2123-LB: Discovery of CERS2 Haploinsufficiency Causing Atypical Lipodystrophy and Severe Fatty Liver Disease—Utility of Multiomics Analyses in the RADIANT study

Introduction and Objective: The RADIANT study, supported by NIDDK, seeks to uncover rare and atypical diabetes forms. Here we describe the use of multi-omic platforms to establish CERS2 haploinsufficiency as the etiology for monogenic diabetes with lipodystrophy in a RADIANT participant Methods: The proband is currently a 47-year-old female exhibiting a phenotype of atypical familial partial lipodystrophy with severe hypertriglyceridemia, metabolic dysfunction-associated steatohepatitis (MASH), insulin resistant diabetes, progressive neuropathy and premature CAD. Family history was positive for a similar presentation in her father. The father was also known to have a progressive neurological condition that ultimately led to development of neurogenic bladder and immobility, culminating in urosepsis and eventual death. Whole-genome and RNA sequencing, biochemical analysis and lipidomics were performed to elucidate the etiology of diabetes. Results: Whole-genome sequencing identified four nucleotide deletion variant (1:50941514ACAGG.A c.49_52delCCTG, pPro17Ter) in CERS2, a key gene in synthesizing very long-chain ceramides in the liver. The presence of the variant was confirmed by Sanger sequencing in proband and her deceased father. The CERS2 variant leads to anticipated nonsense-mediated decay (NMD), confirmed by RNA sequencing, which detected partial transcript depletion and skewed allele fractions.

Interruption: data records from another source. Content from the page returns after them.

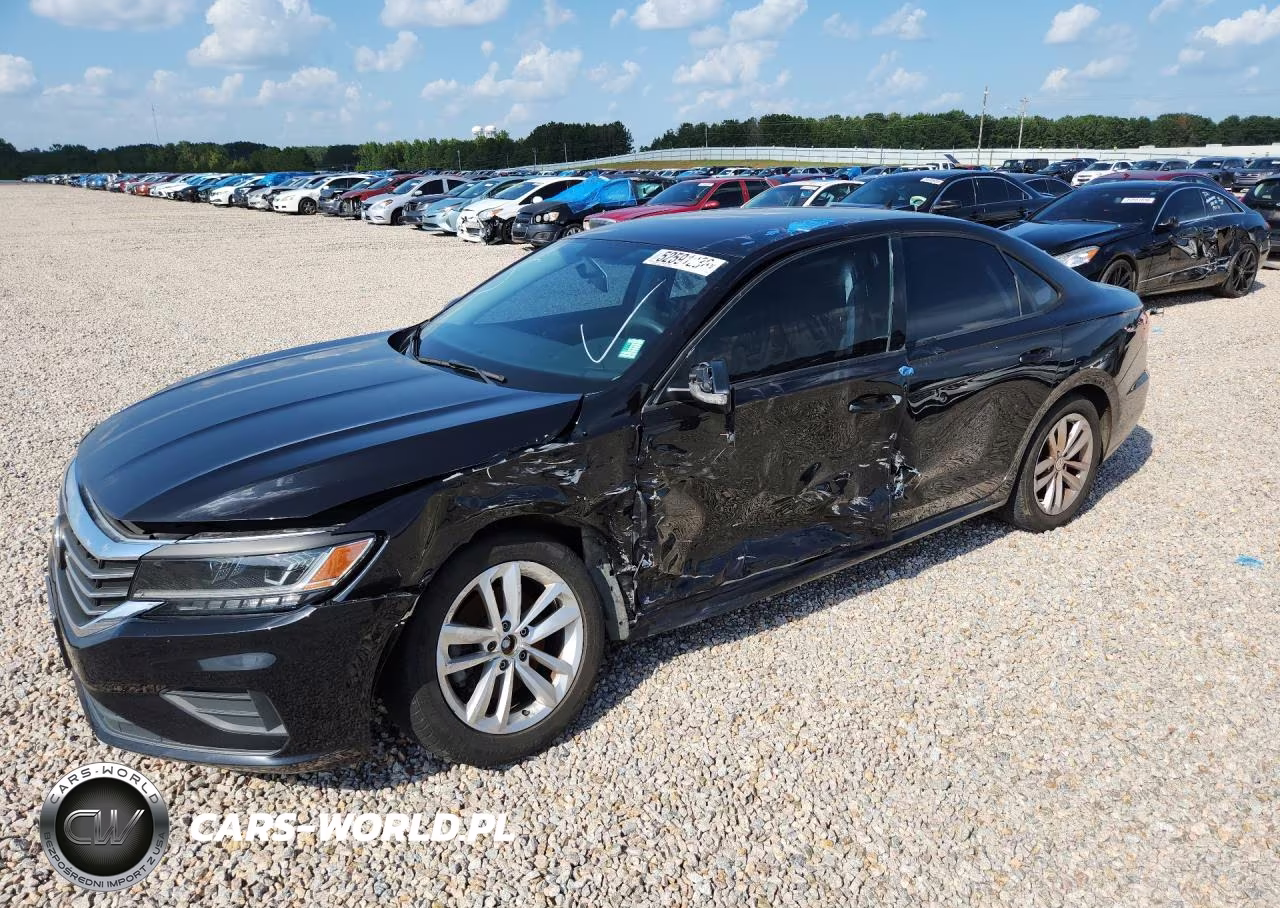 2020 Volkswagen Passat S – zdjęcie 1 z 13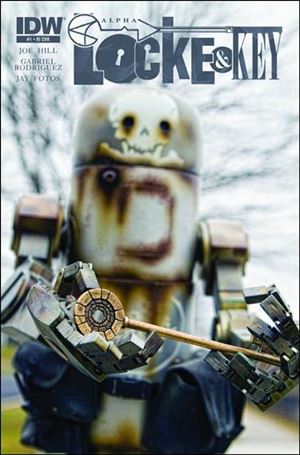 Locke & Key: Alpha issue 1-B Shane Leonard 1:10 Photo Cover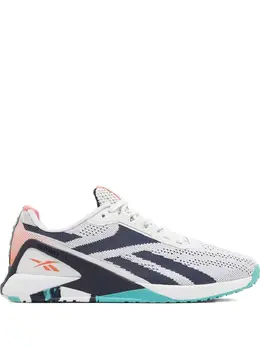 Reebok: Светлые кроссовки  Nano X1
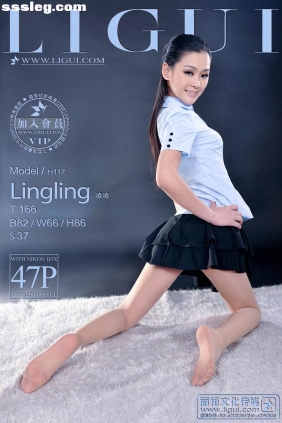[Ligui丽柜]2013.03.08 网络丽人 Model 凌凌2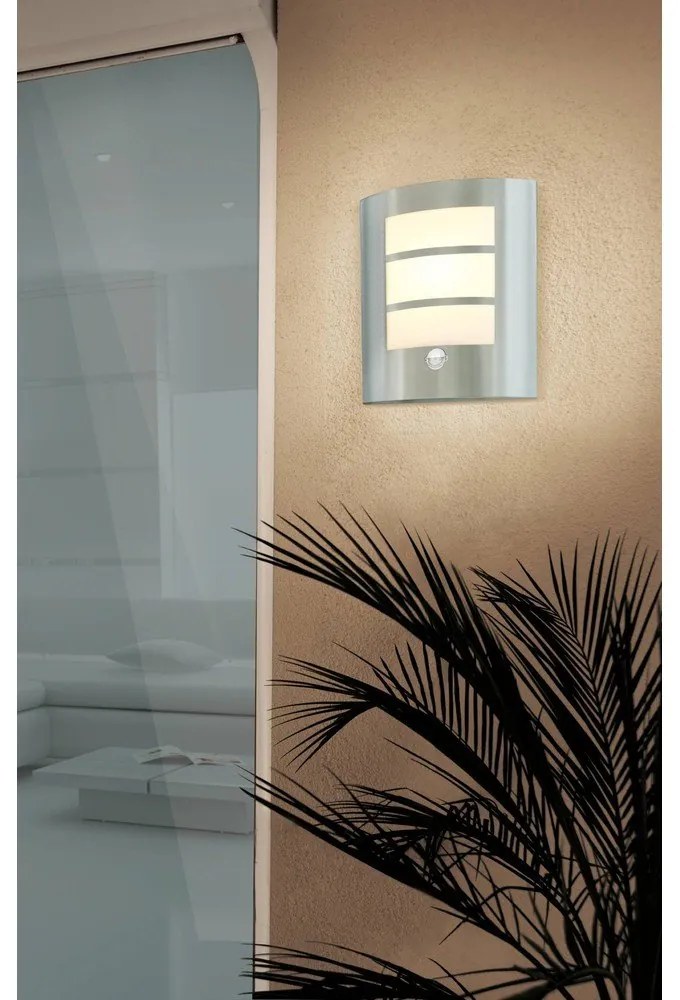 Zewnętrzna lampa ścienna (wysokość 26 cm) CITY – EGLO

Biochemically, the patient had elevated C16 ceramides compared to higher chain ceramides. Comprehensive lipidomics revealed ceramide and sphingolipid profile similar to previously published haplo-insufficient mouse model data, and substantially different from simultaneously run controls. Conclusion: The clinical and molecular findings taken together with the biochemical and lipidomic phenotype provide sufficient evidence for the first documented human case of CERS2 haploinsufficiency, opening the door for development of precision therapies.